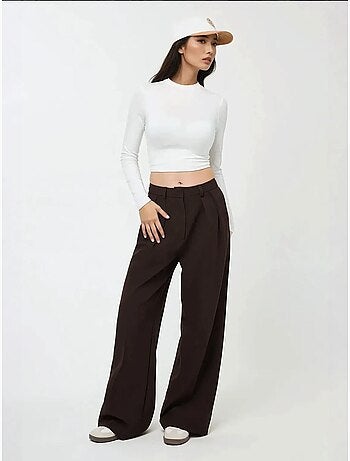 Pantalon de costume taille haute à jambes larges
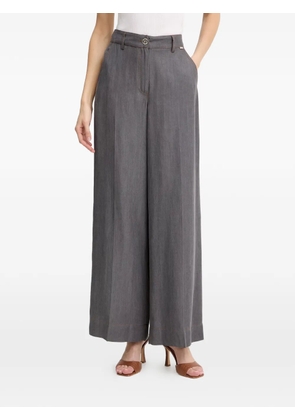 FRACOMINA contrast-stitch wide-leg palazzo pants - Grey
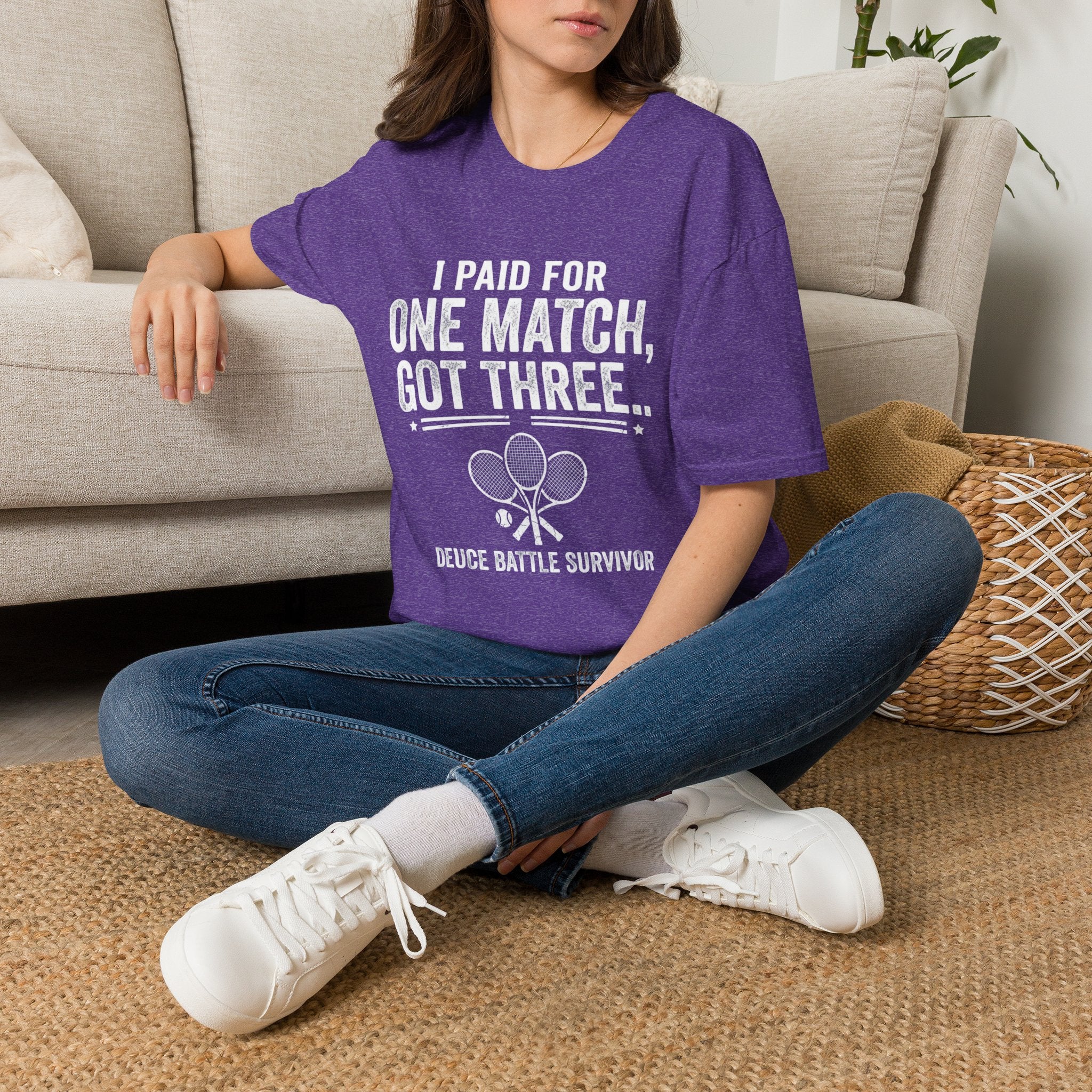 I Paid for One Match Got Three T-Shirt — Deuce Battle Survivor Tennis Humor Tee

> [Exercise description]: The answer is every line of the data, exactly as written, with the pictures dropped.

> [The completed task]:
 Pantalon de costume taille haute à jambes larges
 FRACOMINA contrast-stitch wide-leg palazzo pants - Grey
 I Paid for One Match Got Three T-Shirt — Deuce Battle Survivor Tennis Humor Tee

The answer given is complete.